Pour mémoire, suite à l’annonce de l’état d’urgence sanitaire déclaré le 23 mars 2020 et de l’interdiction de quitter son domicile sauf exceptions, de nombreux commerçants ont décidé de suspendre le paiement de leur loyer.
De l’avis des locataires, cette décision était motivée par la force majeure et la perte d’usage du bien loué, à l’appui notamment l’annonce du Président Macron de la suspension des loyers des baux commerciaux pour les plus petites entreprises.
Depuis, de nombreux contentieux opposaient bailleurs et locataires sur le paiements des loyers suspendus échus pendant la pandémie.
Des décisions peu homogènes étaient rendues par les Tribunaux de première instance et les Cours d’appel, qui semblaient retenir une approche très casuistique du sujet et trancher pour partie en équite.

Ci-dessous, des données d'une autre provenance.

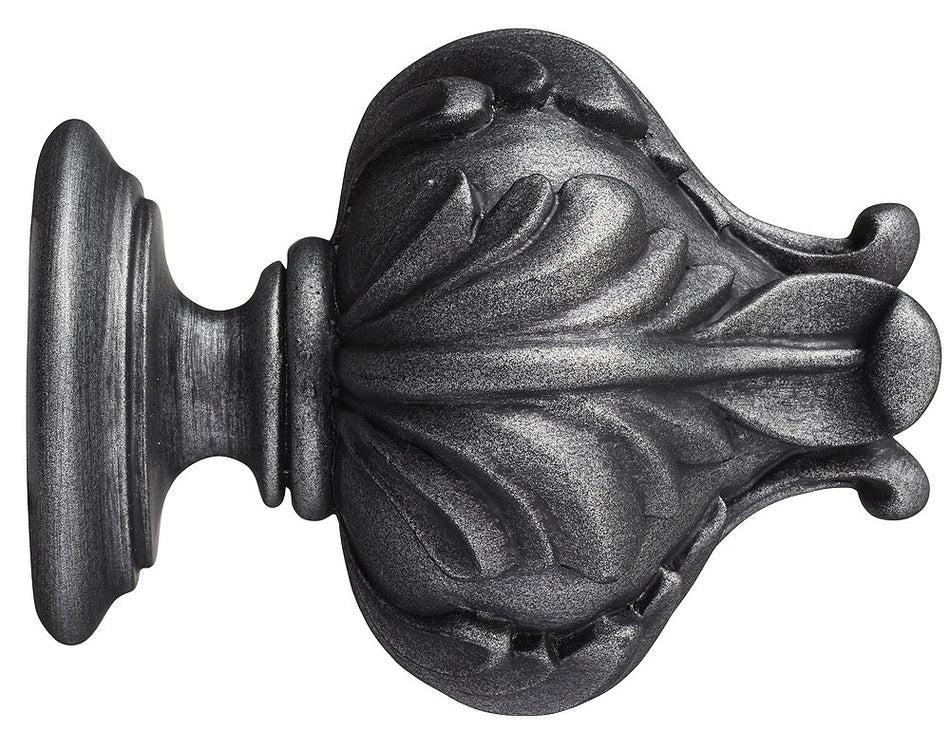 Museum 35mm 45mm & 55mm Finial only Vienna Satin Pewter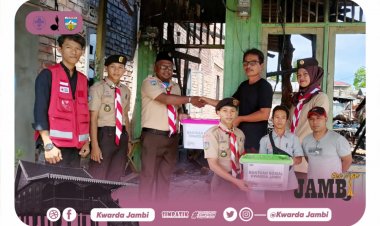 Kwarda Jambi Peduli Korban Bencana Kebakaran di Tanjung Jabung Barat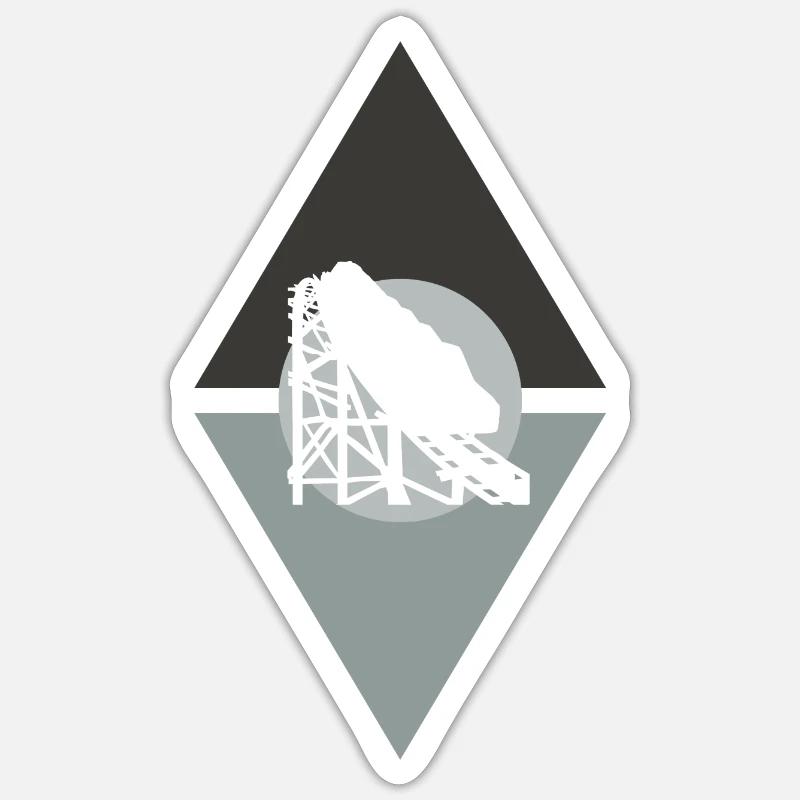 Roller coaster Lukas Sticker size S (10 x 10 cm)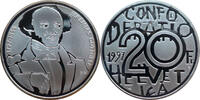 Schweiz 20 Franken 200. Geburtstag von Jeremias Gotthelf (1797-1854) -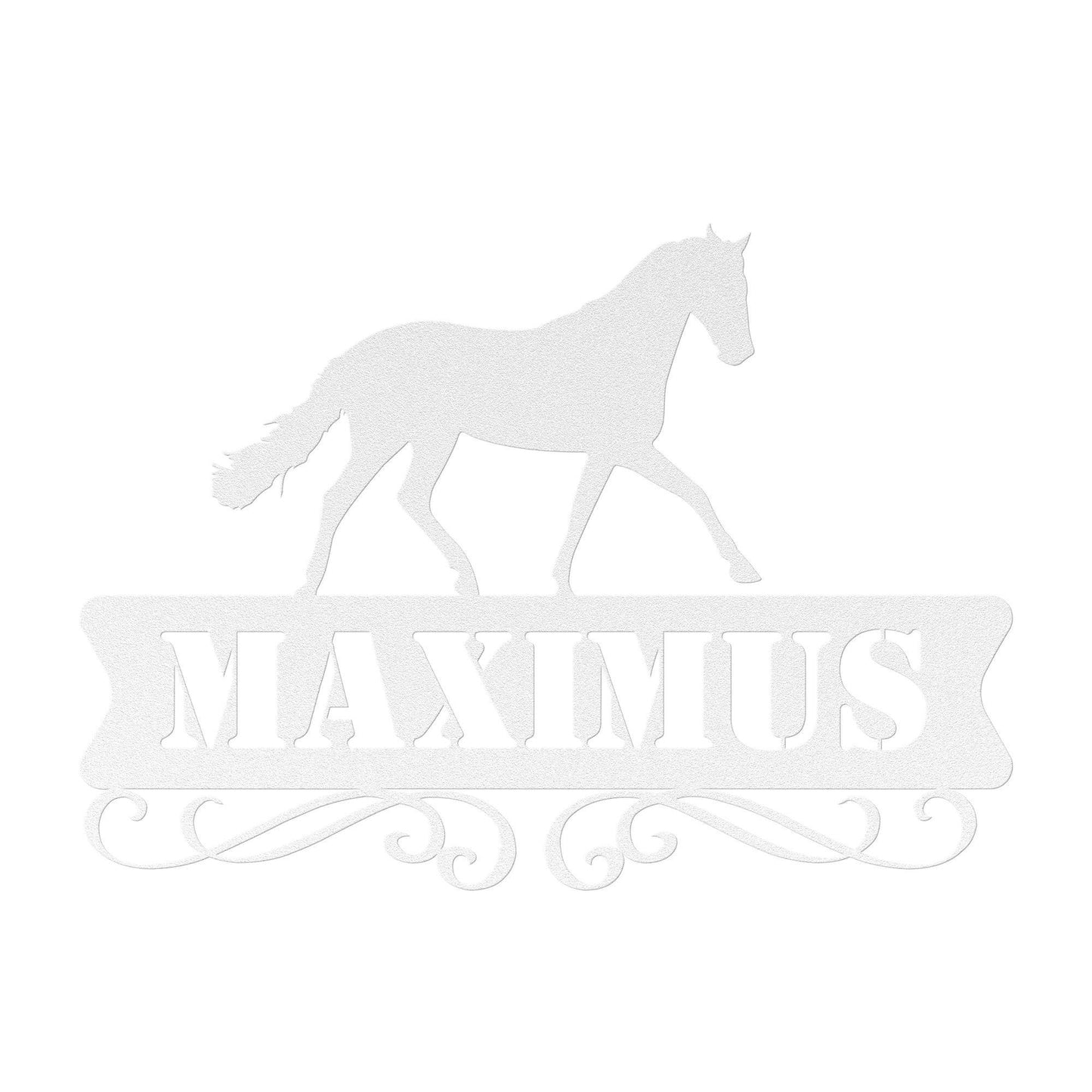 Single Horse Monogram - Kith and Kin Forever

Une tendance à retenir l’obligation de paiement était toutefois à relever.
La Cour de cassation, saisie d’une trentaine de pourvois, a tranché le 30 juin dernier en retenant une application stricte du droit commun des contrats (arrêts n°21-19.889 ; n° 21-20.127 ; n° 21-20.190) : les mesures prises par les autorités publiques n’entraînent pas la perte de la chose louée, ne relèvent pas d’une situation de force majeure et ne sont pas constitutives d’une inexécution, par le bailleur, de son obligation de délivrance. Dès lors, un locataire n’est pas fondé à s’en prévaloir au titre de la force majeure pour échapper au paiement de ses loyers.
Détail des arguments :
- Sur la perte de la chose louée
Selon l’article 1722 du code civil, un locataire peut demander la baisse du prix du bail ou sa résiliation s’il a perdu la chose qu’il loue dans des circonstances fortuites.

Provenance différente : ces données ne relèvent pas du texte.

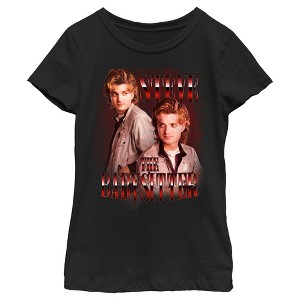 Girl's Stranger Things Steve The Babysitter T-Shirt - 1 of 4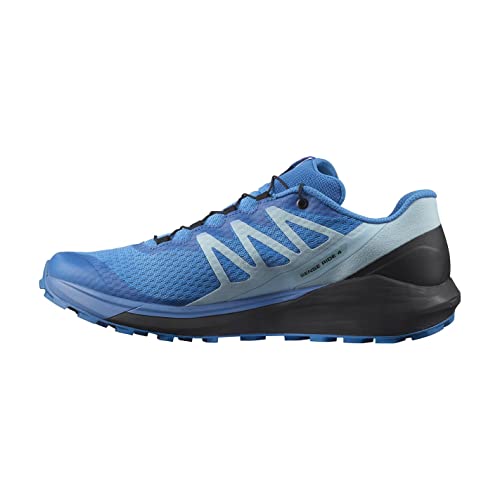 SALOMON Shoes Sense Ride 4, Zapatillas de Trail Running Hombre, Blue Aster/Black/Crystal Blue, 45 1/3 EU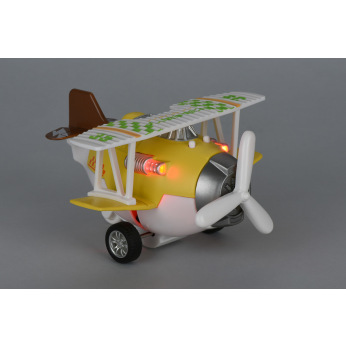 Літак металевий інерційний Same Toy Aircraft жовтий зі світлом і музикою SY8015Ut-1 (SY8015Ut-1)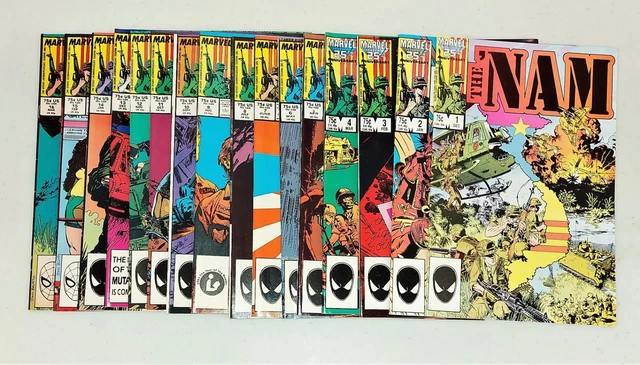(NM9.0) The 'NAM # 1-16 SHARP HIGH GRADE MARVEL VIETNAM Mike Golden John Severin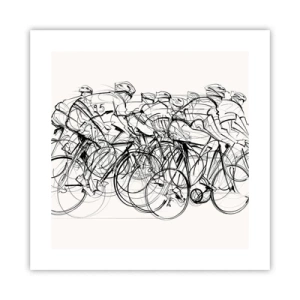 Poster - Gemeinsam als Team - 40x40 cm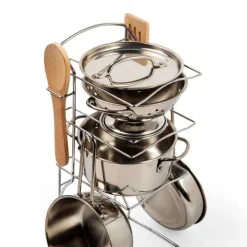 Bigjigs Toys Cooking Pot Rack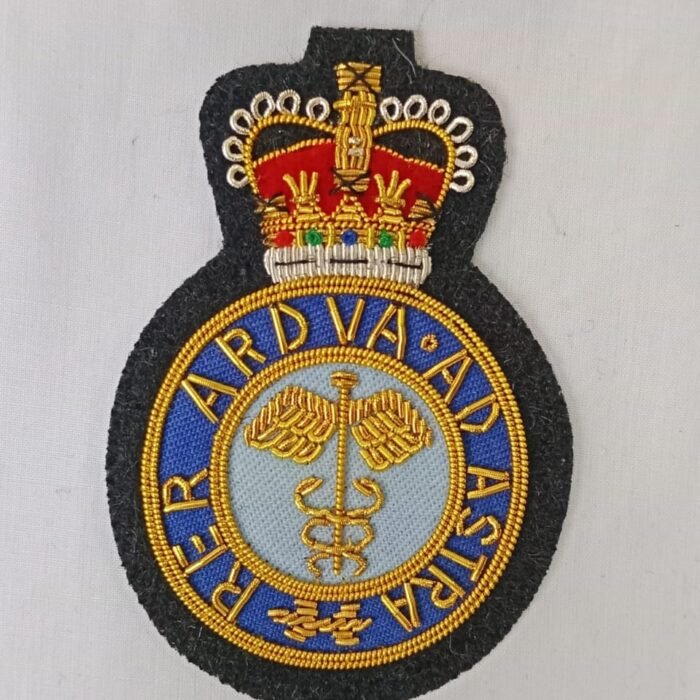 Handmade Embroidered Bullion Wire Blazer Badge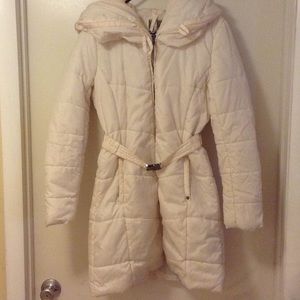 Ivory/Cream Puffer Coat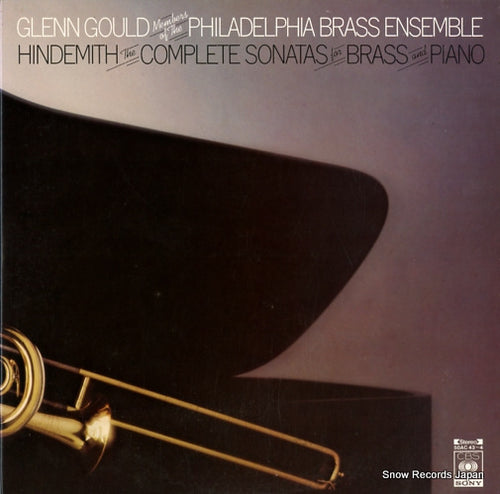 GOULD, GLENN hindemith; complete sonatas for brass and piano 50AC43-44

La Cour de cassation répond clairement à l’argument : l’interdiction de recevoir du public en période de crise sanitaire ne pouvait être assimilée à une perte de la chose louée au sens de l’article 1722 du code civil car elle :
- était générale et temporaire ;
- avait pour seul objectif de préserver la santé publique ;
- était sans lien direct avec la destination du local loué telle que prévue par le contrat.

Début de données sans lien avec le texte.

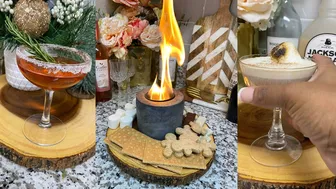 Holiday Drinks You Can Make at Home Compilation! + S’mores Board!!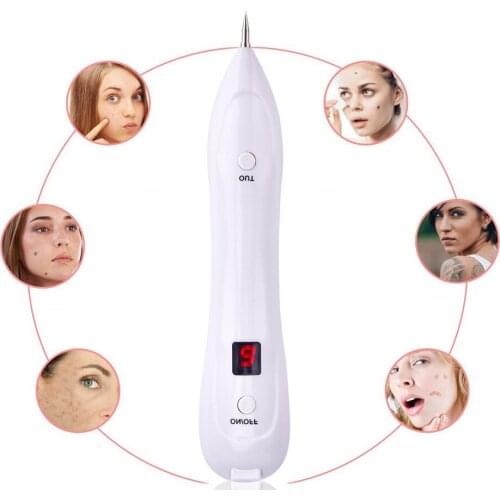 6 Mode Beauty Mole Removal Pen Micro Skin Tag Freckle Wart Remover Laser for Freckle Tattoo Removal Machine Plasma Pen Device
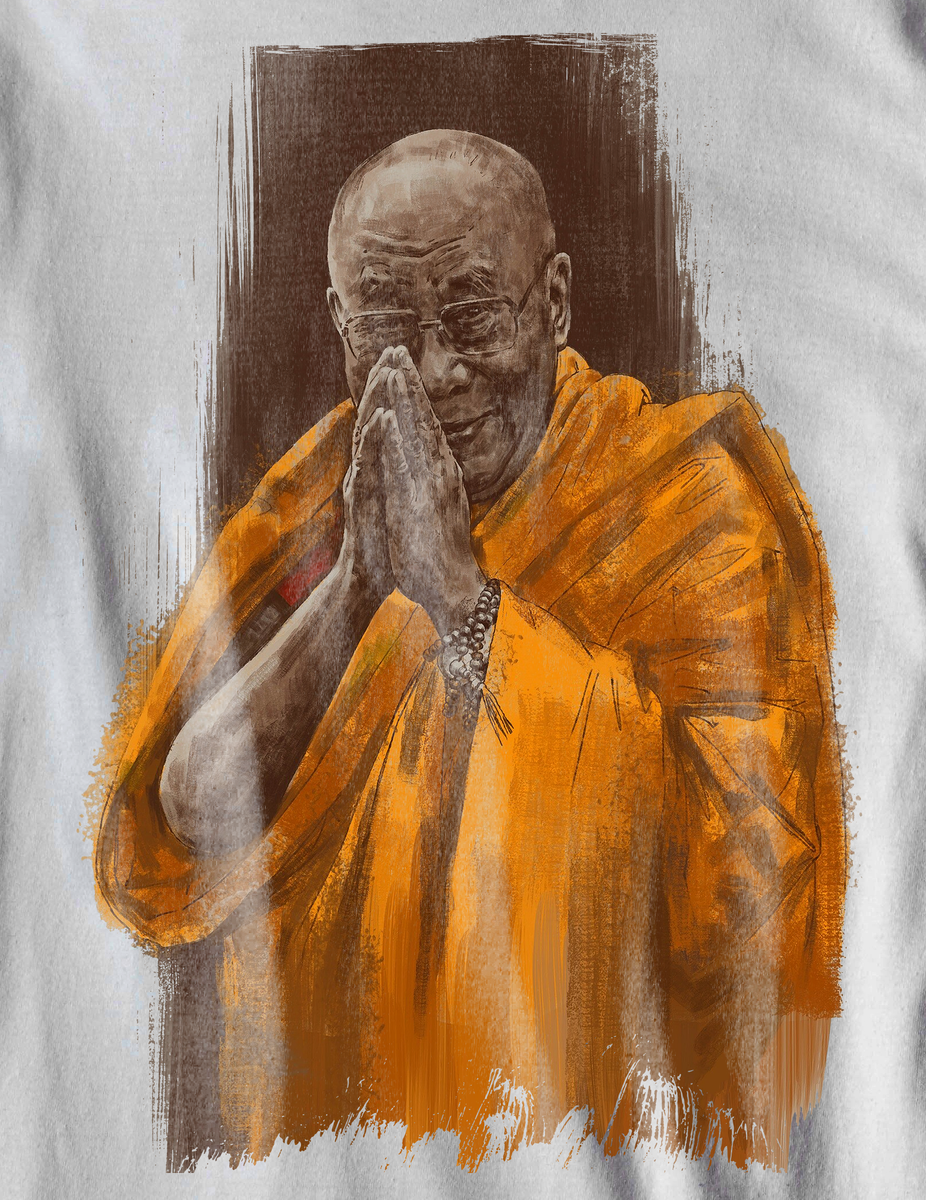 Nome do produtoCamiseta Da Lai Lama - (unissex)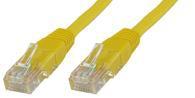MICROCONNECT CAT6 UTP Cable 0,3M Yellow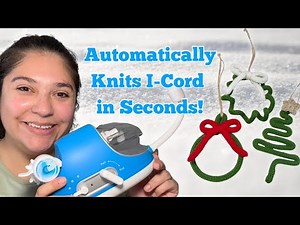 Caydo Automatic I-Cord Knitting Machine Pro | Review, Tutorial + Easy Holiday Project Ideas!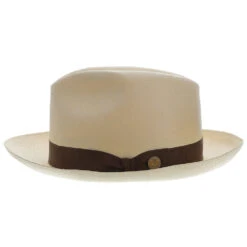 Ibarra - Stetson Panama Straw Fedora Hat -Bailey Store H TSIBRA BLEACH 3a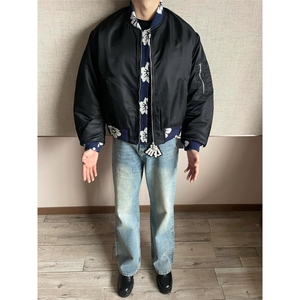 【有货】加棉666CC-特P73 常规JK110CC-特P65 花卉拼接外套男夹克图片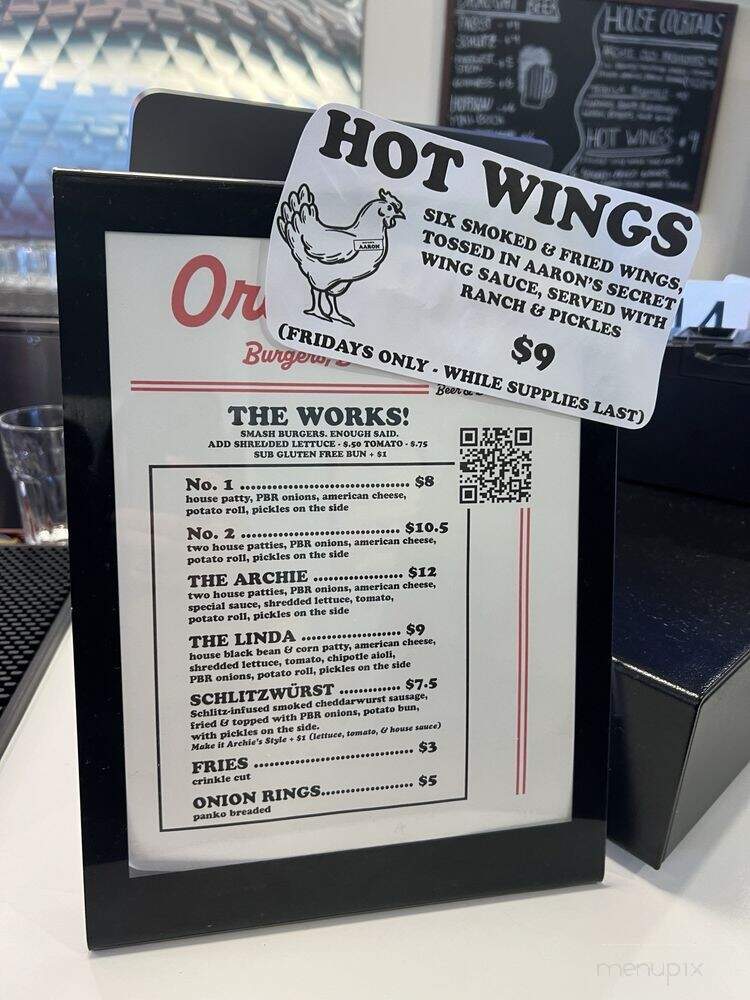 Archie's Flat Top - West Allis, WI menu_pic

A ce titre, les commerçants ne pouvaient ni demander une résiliation du bail ni une réduction de loyer.
- Sur la force majeure
En matière contractuelle, il y a force majeure lorsqu’un événement échappe au contrôle du débiteur et l’empêche d’exécuter son obligation (article 1218 du code civil). Pour être qualifié comme tel, l’évènement doit avoir été imprévisible au moment de la signature du contrat, extérieur aux parties et dont les effets ne pouvaient être évités par des mesures appropriées.
Estimant que le locataire n’était pas dans l’impossibilité d’exécuter son obligation de payer le loyer, le créancier qui n’a pu profiter de la contrepartie à laquelle il avait droit ne peut obtenir la résolution du contrat ou la suspension de son obligation en invoquant la force majeure.
- Sur l’inexécution de ses obligations par le bailleur
L’obligation principale du bailleur est de délivrer la chose louée à son locataire et de lui en garantir la jouissance paisible, conformément à sa destination contractuelle.
La mesure générale de police administrative portant interdiction de recevoir du public n’est pas constitutive d’une inexécution par le bailleur de son obligation de délivrance mais d’une décision d’un tiers au contrat.
Dès lors, la Cour de cassation a considéré que les commerçants ne pouvaient se prévaloir du mécanisme de l’exception d’inexécution pour suspendre le paiement de leurs loyers.